There’s only so much room on a typewriter keyboard, and every extra key requires more levers and hinges and strikers. There is a lot of double-duty going on. A single prime*, ‘ , used to denote a foot of measure, was asked to also substitute for an open quote ‘ mark. And a close quote mark ’ while you’re at it. Same for the double-prime ” originally used as shorthand for inches or minutes.
That’s not the least of the compromises. Look for yourself: many manual typewriters don’t even have a numeral 1 . Typists were taught to substitute a lowercase l (el) instead. (Depending on what font you’re seeing now, those two may look the same!)
Nevertheless, it was a huge improvement over some people’s handwriting. Typing was undeniably faster, and nobody used typewriter text in a $30,000 Time Magazine ad. For that, we’d hire a real typesetter who used real quotation marks. (And real ellipses.)
The problem arose after a whole generation of people were raised using manual typewriters. Then came word processors, and soon after that, computers—all based on the simplified keyboard.

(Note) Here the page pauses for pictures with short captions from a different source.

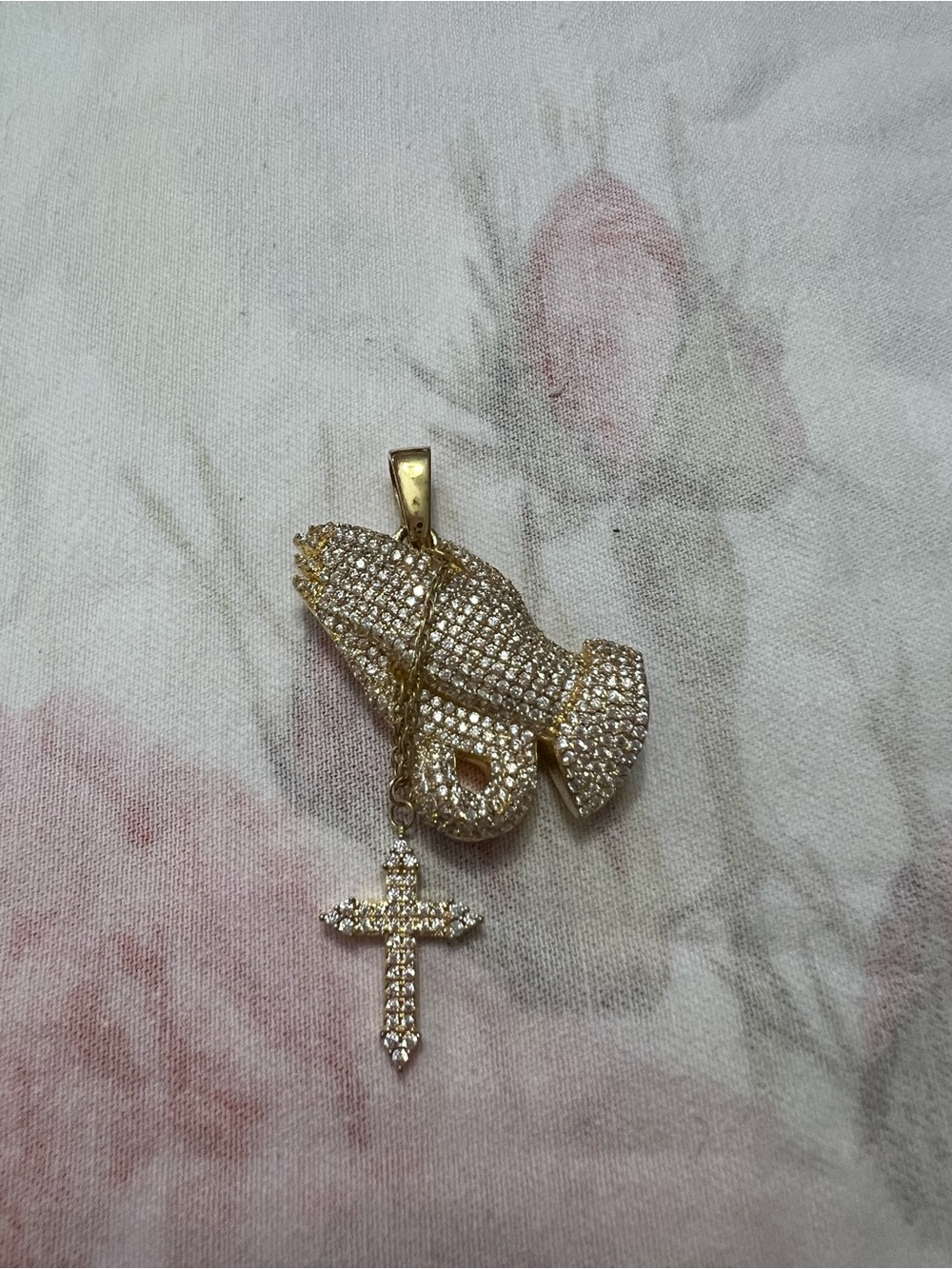GLD Iced Praying Hands with Cross Pendant in Gold Tone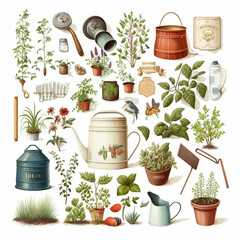 Garden, soil, fertilizer, plants, seeds, watering can, garden tools, pruning shears, lawnmower, greenhouse, trellis, pot, compost, rake, garden hose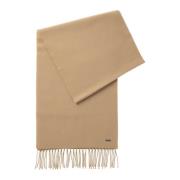 Elegante Twill Wollen Sjaal met Franjes Hugo Boss , Beige , Dames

We type compromised characters even though today’s computer fonts contain every correct symbol imaginable. It just takes some nutty, arcane fingerwork to get there. Most people no longer know there is a difference. With all that computer power creating professional quality print, every amateur became a “graphic artist.”
Today, most word processors make the correction for you, judging by context. They turn your single prime into an apostrophe, your double-prime into open and close “curly quotes.”
Almost. Except now I’m seeing this:
[ forehead slap ]
Now that’s a prime example of the wrong way to use foot- and inch-marks. Get it?
*Actually, it’s even worse than that. True primes and double-primes lean a bit to the right. They were straightened specifically for the manual typewriter so they could be used on both sides of a word. Ironically, the straight ” and ‘ don’t seem to have existed before the manual typewriter, and thus in the world of typography they aren’t correct for anything.